Though Kajta Sindemann, author of 2009’s Mazzesinsel Kochbuch of Viennese Jewish recipes, writes that the dish is most commonly associated with Sukkot, Landmann claims fluden was often baked by Eastern European Jews around Purim and, on account of its relatively exotic ingredients and culinary influences, was known also as Balkan strudel. Indeed, more contemporary sources also describe fluden as a “special-occasion cake” linked not only to Purim but also wedding celebrations.

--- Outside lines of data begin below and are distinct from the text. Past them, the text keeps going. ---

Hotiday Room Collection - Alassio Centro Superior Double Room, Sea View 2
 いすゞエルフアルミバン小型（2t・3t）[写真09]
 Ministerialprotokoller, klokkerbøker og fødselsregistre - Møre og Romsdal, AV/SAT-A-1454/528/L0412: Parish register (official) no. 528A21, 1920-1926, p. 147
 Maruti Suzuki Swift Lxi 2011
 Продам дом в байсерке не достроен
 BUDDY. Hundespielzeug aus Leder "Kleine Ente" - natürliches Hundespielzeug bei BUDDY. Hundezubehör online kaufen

Flódni, a variation on fluden, was later developed in Hungary. It was here that the cake changed from being a rolled strudel to something layered and baked in a round cake tin or other high-sided pan. Its layers—poppy seed, walnuts, powidl, and apples—mirror that of the Faechertorte, but unlike the Viennese torte, the component parts of the Hungarian flódni are separated by layers of pie crust made using chicken fat (according to Landmann) and rolled out to a thickness of around a tenth of an inch. (Another note from Landmann: Flódni is best served with Turkish coffee or a glass of schnapps, as coffee with milk does not go with what she calls this “Oriental cake.”)

Flódni itself has undergone something of a revival in Budapest thanks to the celebrity baker Rachel Raj and signs advertising it as a specifically Jewish cake are easily spotted through the city’s Jewish quarter. “Do you know how many people take home flódni for Christmas?” Raj told Tablet in 2015—a sign of its popularity with Jews and non-Jews alike. In Vienna, the only place to sell flódni is Café Eskeles, the restaurant in the lobby of the city’s excellent Jewish museum on Dorotheergasse, run by Vojtech and Eleonora Goldstein, the latter of whom bakes the cakes herself in-house.

Though Landmann’s recipe for flódni suggests using honey or molasses to bind the poppy seeds or walnuts together, Eleonora uses sugar, which puts the flavors of the various ingredients at the forefront—just one of the reasons why her flódni is, as an aside, even considering the fierce competition in Vienna, one of the best cakes I’ve ever eaten. As for its meaning and importance, though its component parts such as poppy seeds and powidl are very much associated with Purim by way of hamantaschen, Goldstein does not regard it as being bound to a specific day in the Jewish calendar.

When flódni became Faechertorte is a question without a definitive answer, but by the early 20th century it had something of a place in the Viennese Jewish kitchen as well as Demel’s repertoire. The Vienna-based food blogger Nino Loss-Weiss, who first wrote of the link between Faechertorte and flódni, discovered a 2003 interview in the archives of the Centropa historical institute, describing a scene from someone’s prewar Viennese childhood of a huge meal, eaten after Yom Kippur, of goose followed by Faechertorte. The cake is also mentioned in the short stories of Friedrich Torberg, whose 1975 work, Die Tante Jolesch, collects and presents some humorous and touching anecdotes of life in interwar Vienna, Prague, and other parts of the former Austro-Hungarian Empire.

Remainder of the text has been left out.